Experimenting with OSDU Community Implementation and Microsoft Fabric
Kadri Umay
OT IT | Energy Data Platform | IASA Distinguished Architect | Carbon Capture and Storage | Ecosystem | Technology Evangelist | Public Speaker | Industry Standards OSDU, OPC, PIDX, Product Developer
In the first two installments of this series of articles, I have shown how an OSDU CI could be stood up in 5 minutes. In this third article, I am going to show the results of my experimentation with connecting OSDU with Microsoft Fabric, which is an integrated data platform that provides a comprehensive set of services for managing, processing, and analyzing data. It includes components for data ingestion, transformation, orchestration, and reporting. My main motivation is to surface OSDU data seamlessly in Microsoft's Artificial Intelligence Stack and Power Platform.
A few years back, I have developed a Power BI connector for OSDU / ADME, which however had one major flaw, which was due to the limitations of the OSDU query API which can only provide metadata, I was not able to access the underlying data, in this experiment I was able to do this very easily. Fabric enables you to connect the deep data oceans on OSDU to the rich productivity applications and tools of Microsoft.
Questions, questions, questions
How can I make my data in OSDU useful for analytics without having to create a copy or ETL/ELT?
How does OSDU store the data, what gets in the files and what gets in the databases?

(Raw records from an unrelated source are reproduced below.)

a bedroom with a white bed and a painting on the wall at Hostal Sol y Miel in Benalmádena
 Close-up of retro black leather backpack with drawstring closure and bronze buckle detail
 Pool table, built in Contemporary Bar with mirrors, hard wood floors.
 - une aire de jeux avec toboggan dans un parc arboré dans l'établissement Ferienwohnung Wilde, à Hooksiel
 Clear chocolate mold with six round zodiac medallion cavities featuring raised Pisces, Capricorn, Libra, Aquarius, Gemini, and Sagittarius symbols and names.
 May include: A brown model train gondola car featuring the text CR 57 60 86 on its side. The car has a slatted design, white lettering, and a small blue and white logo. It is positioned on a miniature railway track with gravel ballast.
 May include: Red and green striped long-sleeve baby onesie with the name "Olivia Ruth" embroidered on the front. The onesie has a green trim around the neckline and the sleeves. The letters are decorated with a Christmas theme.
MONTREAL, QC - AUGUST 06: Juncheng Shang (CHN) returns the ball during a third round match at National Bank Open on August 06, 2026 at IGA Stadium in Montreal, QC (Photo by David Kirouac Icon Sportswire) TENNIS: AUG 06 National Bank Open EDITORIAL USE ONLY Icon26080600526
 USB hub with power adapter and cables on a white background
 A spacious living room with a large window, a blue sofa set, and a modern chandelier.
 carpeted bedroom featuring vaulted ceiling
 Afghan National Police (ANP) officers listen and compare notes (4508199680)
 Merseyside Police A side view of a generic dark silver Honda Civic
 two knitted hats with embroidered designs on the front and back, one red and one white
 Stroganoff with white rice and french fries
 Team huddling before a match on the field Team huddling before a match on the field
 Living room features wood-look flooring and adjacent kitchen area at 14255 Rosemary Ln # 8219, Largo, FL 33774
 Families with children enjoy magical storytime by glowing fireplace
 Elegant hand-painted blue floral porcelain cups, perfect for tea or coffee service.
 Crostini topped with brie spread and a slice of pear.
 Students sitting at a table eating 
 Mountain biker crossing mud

How can I correlate my uwi with the parquet files that hold the well logs?
How can I preserve data security settings between OSDU and Analytics?
If these are some of the questions you have in mind, keep going.
Experimenting with the OSDU CI
Building on the OSDU CI deployment I've outlined before in the previous articles, I will ingest the TNO dataset to wellbore DDMS using a simple Python application, show you how the different components of the data is stored across the blob folders and databases and how they're correlated, build a Fabric shortcut to Minio using the generic S3 connector, write a very simple PySpark Notebook to extract and ingest the data in OneLake parquet delta tables, build a GraphQL interface and demonstrate a Power BI dashboard that can visualize various plots of the well logs.
While doing this, I had to buy a DNS domain and an SSL certificate. The Fabric Shortcut has to find the endpoint, hence need DNS resolution and the endpoint has to have an SSL certificate as the self-signed one throws an error.
Let's get going.
Ingesting the TNO and getting into the guts of OSDU CI
Getting the TNO dataset ingested into wellbore DDMS was bit of challenge, there are tools and Python scripts in the community GitLab. I have written a simple script to read the Las files
# Specify the directory path
directory = './well-logs/'
# Iterate over each file in the directory
for filename in os.listdir(directory):
# Check if the current item is a file
if os.path.isfile(os.path.join(directory, filename)) and filename.endswith('.las'):
las = lasio.read(os.path.join(directory, filename))
wellbore_id = las.well["WELL"].value.replace("-","") #remove the dashes from the well name, in production this might need to be changed
record = create_record_from_header(data_partition_id, acl_domain, legal_tag, las.well["STRT"].value, las.well["STOP"].value, wellbore_id, las.curves[0].mnemonic, las.keys())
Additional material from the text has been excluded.